#### Exercise:
From the material below, reproduce exactly the stretch of lines that begins with the line holding "Flash Furniture LF-W-118A-BK-GG" and ends with the line holding "I will drink", skipping the pictures.

#### Records shown:
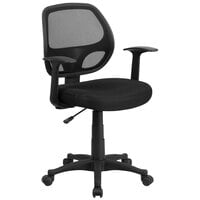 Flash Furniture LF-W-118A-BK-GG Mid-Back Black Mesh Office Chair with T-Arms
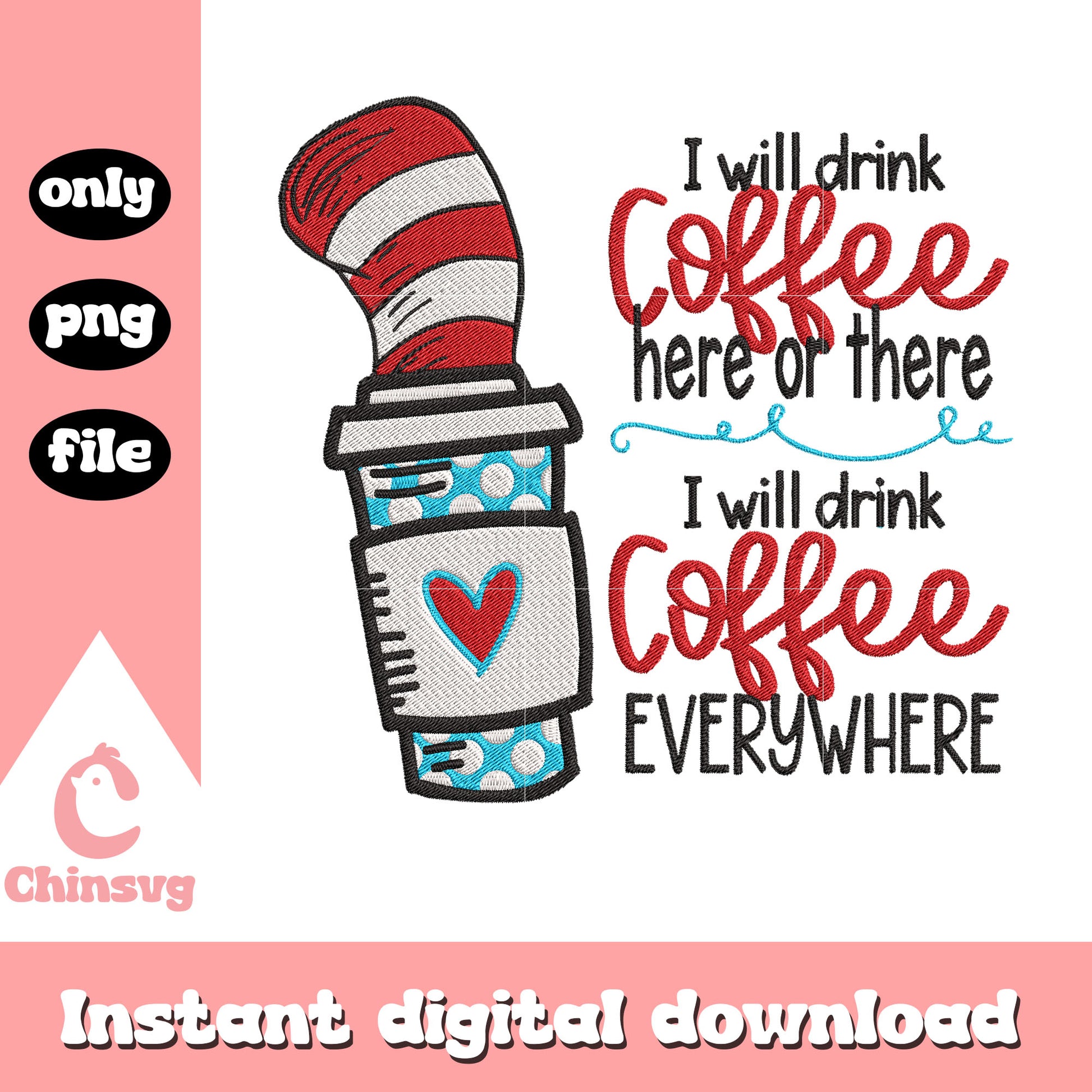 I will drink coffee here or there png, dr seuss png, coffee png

==

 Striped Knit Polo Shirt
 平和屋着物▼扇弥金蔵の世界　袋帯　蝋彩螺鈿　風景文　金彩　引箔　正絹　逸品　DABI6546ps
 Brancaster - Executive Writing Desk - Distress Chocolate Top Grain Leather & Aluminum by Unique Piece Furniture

#### Problem solution:
 Flash Furniture LF-W-118A-BK-GG Mid-Back Black Mesh Office Chair with T-Arms
 I will drink coffee here or there png, dr seuss png, coffee png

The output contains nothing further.